Thanks to Claire she warned where to go and where to not.
It took 1 year to accept the place as home while it took only 1 hour to destroy the place.
Zombies learned to swim and when we learned that small detail all fell to hell and now I am alone unable to find my friends. Truth to be told I don't even know are they alive or not.
Once I found myself with knife to my throat to end my life but I can't .... Too coward to end my life by myself. I searched for them even risked to get to that small island in search of them but thousands and thousands of Zombies on that place made me retreat again. Even though the island is surrounded by water when summer came the water level just became down to hip which is main reason for our downfall. I mean when this world got infected there has been drastic changes in the climate too... Summer came out in vengeance it dried out water bodies so much without the man-made lake we would have died without the water. It's still summer here and now iam here on the highway alone. Even I missed the little devil Claire.

I miss Jac and Jack so much my heart hurts but my tears dried out Just like my emotions. It felt empty without them.
Now I am sitting on the car top my trusty sabre in my hand  on the nearby bridge surrounded by wrecked and rusted cars as my companion. Dried leaves rustled occasionally creating omnious feeling. Plastic bags crinkled and floated in dry air around me. I watched it landing on the floor with no care and then again took off to somewhere by dry wind again.

Now a days it's hard even to see the zombies. Those who I saw are like dried out fishes only with its mouth in constant open close motion.
Iam tired. After 5 years food became a rare thing just like live human. Even canned foods can last long for much time.
For now I live in a cozy home where it has farm with some fruit trees and bushes to go with. I don't know whether their previous owner grew it or it grew by itself naturally. Anyway it provided some food and the home has some dried foods too. Sometimes I worry about vitamin deficiency but I  just ignore it nowadays.

And I own bicycle 🚲 to travel. No fuel per se. Atleast I found handpump nearby for water which is something I feel lucky.
This place is near sea so sometimes I sat on the shore watching the waves in silence.
Now I am sitting here in hope of seeing someone anyone even a zombie but no... My luck is not at my side.
2 years gone like this. I don't even remember how my voice sound like. I feel like I became dumb. I rotated my sharp sabre with precise movements lazily. The sun began to set indicating it's time to go home .
I let out a resigned sigh 😔 jumping down walking towards the place which I call it my home for now.
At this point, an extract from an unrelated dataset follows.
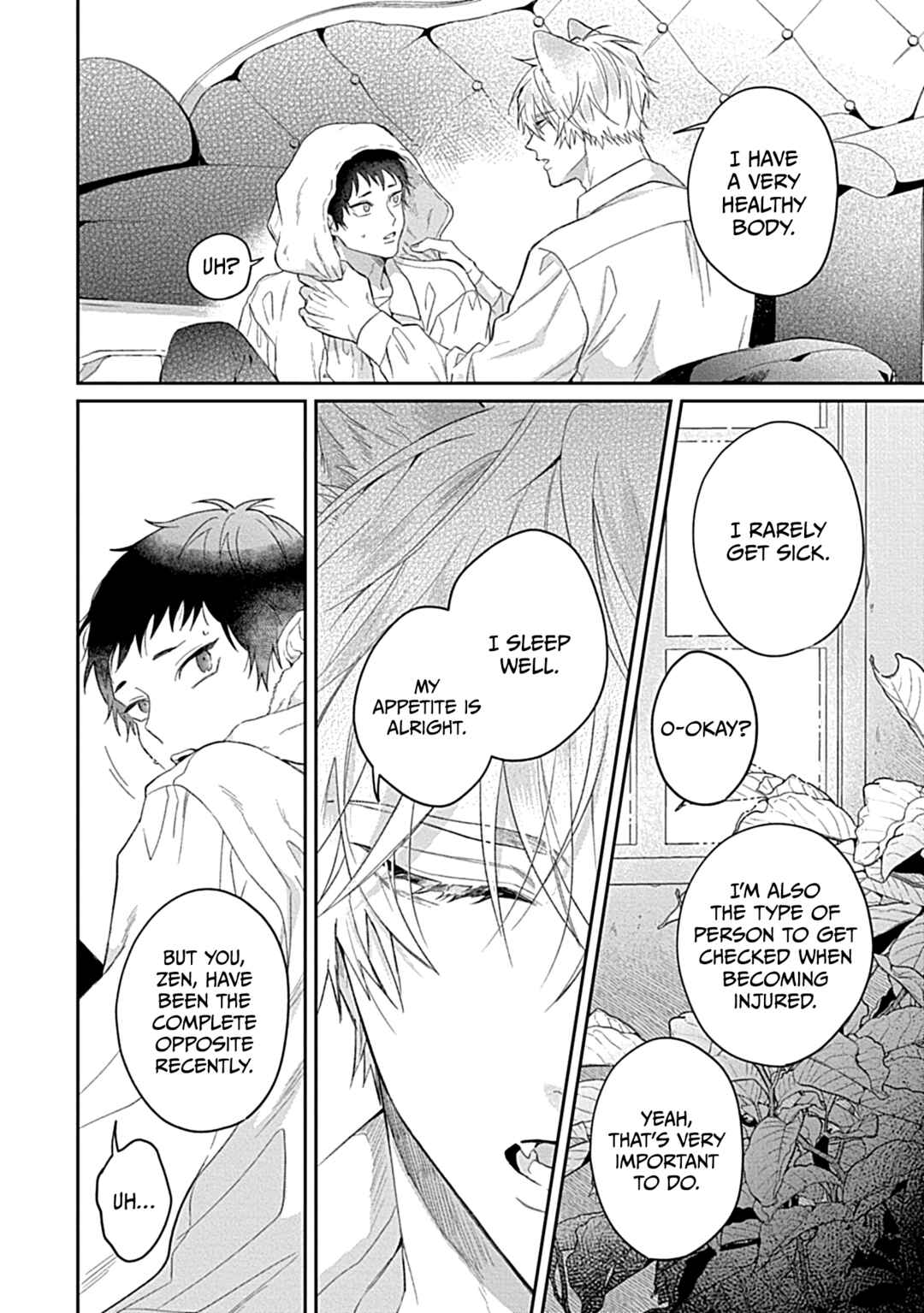 Page 29 Chapter 9 Kocchi Muite Glare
When the apocalypse started its dangerous to stay at the same place but now without literally nothing I decided to stay here until I find another place which sounds interesting enough to move. I whistled a song rather loudly and dancing to the tune uncordinately twirling and posing with my sabre moving towards the place. A group of birds flew above me letting out squawks before perching on the nearby trees for the night. Atleast they  are not alone and iam so frustrated about that I threw a stone at the tree but soon regretting my action on seeing them flying in different ways scared.